Hyperbaric Oxygen Therapy (HBOT) chamber. A patient is exposed to pure oxygen that is 1.5-3 times the normal atmospheric pressure which leads to delivery of oxygen to cells that accelerate healing. I wrote about hyperbaric oxygen therapy in a previous article.
When I was in Athens, Georgia in the beginning of the year, I met an entrepreneur and founder, and an incredible father, Hulet Smith who is CEO of a company called Rehabmart. His eldest daughter Sophia was discovered to be bleeding in the brain inside the womb during the third trimester and when she was born, she was diagnosed with cerebral palsy. Against the traditional advice of her doctors and specialists, Hulet decided to pursue a different, integrative path than traditional western medicine which often uses pharmaceuticals to treat a disease. At the time, hyperbaric oxygen therapy (HBOT) was not an experimental treatment, and although it has had a long history of practice and use, it is still relatively obscure in traditional medical practice. HBOT is a pressurised oxygen chamber that delivers oxygen to cells which accelerates healing.
Sophia was given the prognosis by her doctors to be legally blind, wheelchair bound and severely intellectually impaired for the rest of her life. Today, Sophia is not only physically active and can walk, and see, she is miraculously studying at the normal level of her grade and age.
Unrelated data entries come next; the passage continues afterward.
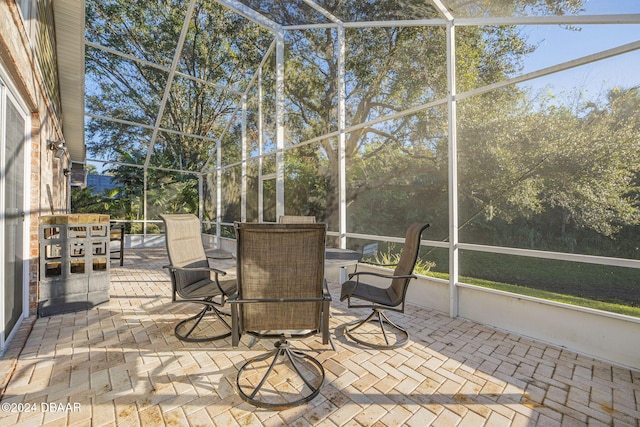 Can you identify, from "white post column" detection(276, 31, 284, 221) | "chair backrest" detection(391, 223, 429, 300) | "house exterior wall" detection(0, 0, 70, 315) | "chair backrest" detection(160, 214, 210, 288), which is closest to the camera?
"house exterior wall" detection(0, 0, 70, 315)

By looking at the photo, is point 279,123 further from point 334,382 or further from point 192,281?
point 334,382

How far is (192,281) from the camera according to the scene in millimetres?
3170

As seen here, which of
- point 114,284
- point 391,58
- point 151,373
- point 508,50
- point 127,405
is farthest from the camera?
point 391,58

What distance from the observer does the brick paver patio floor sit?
1802mm

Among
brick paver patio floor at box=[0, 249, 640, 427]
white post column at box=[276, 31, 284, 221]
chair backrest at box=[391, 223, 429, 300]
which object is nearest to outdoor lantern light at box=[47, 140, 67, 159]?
brick paver patio floor at box=[0, 249, 640, 427]

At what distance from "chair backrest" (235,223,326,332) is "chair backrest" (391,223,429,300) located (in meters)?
1.07

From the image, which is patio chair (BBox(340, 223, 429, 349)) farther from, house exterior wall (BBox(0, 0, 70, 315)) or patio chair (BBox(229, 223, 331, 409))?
house exterior wall (BBox(0, 0, 70, 315))

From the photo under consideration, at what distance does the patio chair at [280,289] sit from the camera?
73.6 inches

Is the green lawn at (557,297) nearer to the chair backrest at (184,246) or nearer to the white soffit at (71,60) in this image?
the chair backrest at (184,246)

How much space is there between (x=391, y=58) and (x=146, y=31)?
5875mm

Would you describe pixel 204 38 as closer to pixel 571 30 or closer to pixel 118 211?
pixel 118 211

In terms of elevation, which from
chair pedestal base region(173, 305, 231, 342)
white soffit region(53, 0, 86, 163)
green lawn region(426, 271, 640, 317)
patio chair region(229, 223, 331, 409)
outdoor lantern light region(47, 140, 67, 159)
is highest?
white soffit region(53, 0, 86, 163)

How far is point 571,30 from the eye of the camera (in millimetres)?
3090

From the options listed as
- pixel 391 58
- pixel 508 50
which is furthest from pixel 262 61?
pixel 508 50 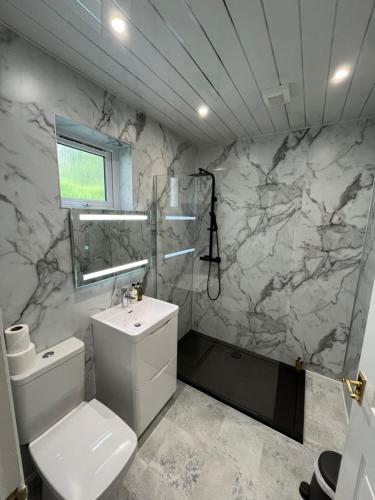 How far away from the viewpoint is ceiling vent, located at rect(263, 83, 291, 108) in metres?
1.40

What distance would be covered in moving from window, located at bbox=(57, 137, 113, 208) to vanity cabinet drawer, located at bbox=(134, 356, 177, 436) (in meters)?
1.41

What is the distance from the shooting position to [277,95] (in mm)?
1471

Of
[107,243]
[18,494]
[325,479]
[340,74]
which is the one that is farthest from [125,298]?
[340,74]

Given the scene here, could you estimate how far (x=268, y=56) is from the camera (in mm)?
1146

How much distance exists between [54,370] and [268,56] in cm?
211

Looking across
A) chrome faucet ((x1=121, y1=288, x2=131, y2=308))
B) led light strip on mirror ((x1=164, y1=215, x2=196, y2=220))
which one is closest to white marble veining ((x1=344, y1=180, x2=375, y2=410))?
led light strip on mirror ((x1=164, y1=215, x2=196, y2=220))

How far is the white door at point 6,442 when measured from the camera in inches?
20.0

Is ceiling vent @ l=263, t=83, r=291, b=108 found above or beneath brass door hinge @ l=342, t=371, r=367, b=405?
above

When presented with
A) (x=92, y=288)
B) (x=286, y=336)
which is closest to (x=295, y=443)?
(x=286, y=336)

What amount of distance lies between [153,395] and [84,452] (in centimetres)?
58

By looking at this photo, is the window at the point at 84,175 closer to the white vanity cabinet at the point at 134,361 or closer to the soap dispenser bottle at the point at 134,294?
the soap dispenser bottle at the point at 134,294

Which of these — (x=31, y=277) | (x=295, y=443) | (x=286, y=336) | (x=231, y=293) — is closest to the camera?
(x=31, y=277)

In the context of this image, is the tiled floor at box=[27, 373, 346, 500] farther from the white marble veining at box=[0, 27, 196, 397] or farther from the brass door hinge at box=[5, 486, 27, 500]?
the brass door hinge at box=[5, 486, 27, 500]

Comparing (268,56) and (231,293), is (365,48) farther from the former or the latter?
(231,293) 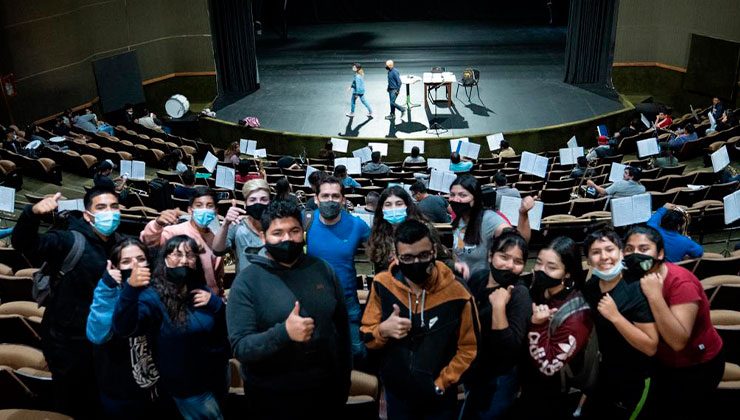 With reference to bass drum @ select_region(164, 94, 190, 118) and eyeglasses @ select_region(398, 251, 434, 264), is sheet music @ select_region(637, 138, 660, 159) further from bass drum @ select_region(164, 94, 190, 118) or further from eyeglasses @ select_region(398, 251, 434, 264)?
bass drum @ select_region(164, 94, 190, 118)

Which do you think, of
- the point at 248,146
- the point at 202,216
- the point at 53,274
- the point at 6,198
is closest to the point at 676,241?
the point at 202,216

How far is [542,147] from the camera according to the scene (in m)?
13.5

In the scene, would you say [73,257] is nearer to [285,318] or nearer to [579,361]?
[285,318]

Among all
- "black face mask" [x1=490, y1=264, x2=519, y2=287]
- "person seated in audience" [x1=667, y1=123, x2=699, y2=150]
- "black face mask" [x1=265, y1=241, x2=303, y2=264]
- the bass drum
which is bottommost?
the bass drum

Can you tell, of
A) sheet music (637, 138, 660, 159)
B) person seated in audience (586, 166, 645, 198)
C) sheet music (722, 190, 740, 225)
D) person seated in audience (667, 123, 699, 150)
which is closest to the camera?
sheet music (722, 190, 740, 225)

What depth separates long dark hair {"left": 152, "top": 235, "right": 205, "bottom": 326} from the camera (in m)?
3.07

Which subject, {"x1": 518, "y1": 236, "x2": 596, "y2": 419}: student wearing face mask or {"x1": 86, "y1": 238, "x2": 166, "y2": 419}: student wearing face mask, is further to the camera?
{"x1": 86, "y1": 238, "x2": 166, "y2": 419}: student wearing face mask

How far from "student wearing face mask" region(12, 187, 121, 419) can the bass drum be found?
13.4 m

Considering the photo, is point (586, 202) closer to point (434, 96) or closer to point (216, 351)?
point (216, 351)

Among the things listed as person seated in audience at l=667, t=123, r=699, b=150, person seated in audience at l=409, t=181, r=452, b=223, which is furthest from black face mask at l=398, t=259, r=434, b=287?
person seated in audience at l=667, t=123, r=699, b=150

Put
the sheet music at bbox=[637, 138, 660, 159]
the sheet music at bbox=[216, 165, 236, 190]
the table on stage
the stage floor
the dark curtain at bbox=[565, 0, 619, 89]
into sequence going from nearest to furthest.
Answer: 1. the sheet music at bbox=[216, 165, 236, 190]
2. the sheet music at bbox=[637, 138, 660, 159]
3. the table on stage
4. the stage floor
5. the dark curtain at bbox=[565, 0, 619, 89]

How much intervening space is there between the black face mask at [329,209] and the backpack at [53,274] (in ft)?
4.57

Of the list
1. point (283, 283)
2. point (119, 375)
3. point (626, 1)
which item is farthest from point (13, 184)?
point (626, 1)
She still has problems with eyesight and needs to wear glasses, but overall, she is leading a life in which she is not held back by her initial brain injury in the womb.
Imagine for a moment, if doctors had the power to put her to death against the wishes of her parents to “ease her suffering” or if people in history, such as Helen Keller and Stephen Hawking were given an early death sentence? Imagine what would’ve happened to that little newborn baby who couldn’t yet speak, if Sophia’s parents had decided to follow the advice of her doctors, or worse yet, if her doctors had the power to make the ultimate decision to put her to death before she had a chance to live?
The truth is, we do not have that intrinsic right to make that decision for anyone, but we must carry the responsibility to protect the rights of those who cannot speak, children such as Sophia, and Charlie Gard whose parents want to pursue alternative treatment than the death sentence handed to the latter by doctors at Great Ormond Street Hospital. The ruling by the court in favour of doctors at Great Ormond Street Hospital not only endangers those who cannot speak for themselves, but for all of us, by taking away our right to choose.
Disclaimer: This article is not intended to diagnose any diseases and is for educational purposes only.